Leaves skittering in the trees on a starlit walk home. Woke up feeling all broken promises and raw nerves; pulled sinews and sad reclusiveness. Bandied about like the threatening snow flakes on a November wind: “Is it time, am I meant to be here, what was I supposed to be doing?”

Sometimes, I miss my friends. The old ones I fell in love with at age ten, the ones who worried with me about getting into trouble, the ones that came paired with a mom you couldn’t avoid if you wanted to see them. I love the memory of those friends like the cat on my lap, and curl the soft spots around my fingers as the recollection purrs into life. Still feeling connected to girls from long ago, tied at the belly, while sharing experiences without each other, like turning on the same music miles apart. She’s there like a first love, pocketed away in tenderness, the little pains she may be feeling tingling down the wire to my own fingertips.

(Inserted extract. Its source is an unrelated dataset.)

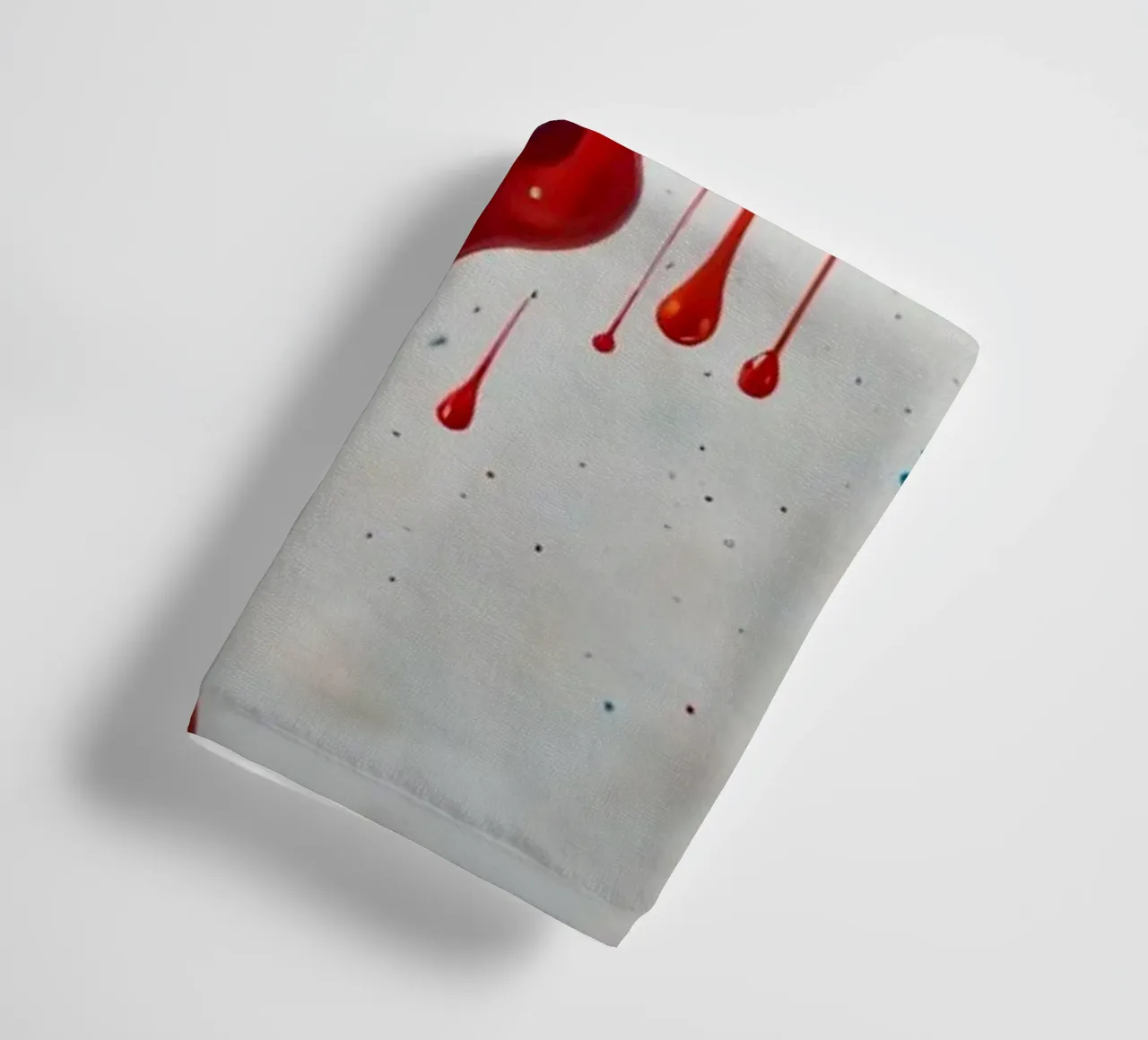 Vibrant paint drips cascading down a white surface creating towel by DesignDoodle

Little mystery in a person I’ve been without for eight years. Happy to still know her, somewhere.

I don’t seem to want to make something so terribly dramatic anymore. More interested now in humanity’s communal, half-conscious struggle, the connectedness between our vastness - we’re all answering the question, one breath at a time, what is the meaning of life? How regular is existence, yet how fraught with possibilities. Potential, hope. I put hope in the hope of men. Pray we all embrace the help to fulfill those hopes, whenever it may find us. Choice, awareness. I choose the power of choice. Pray we all use this power, in self-fulfilling awareness, to better the life we are given.

Never alone, though skittering and rattling on boughs of our own making. Shaking in the wind that must touch us all, remembering the memory of ourselves, buried down deep in the sap of another. Blessed are the little mysteries we’re meant to learn from each other; happy we can all be, if we can forget to feel alone.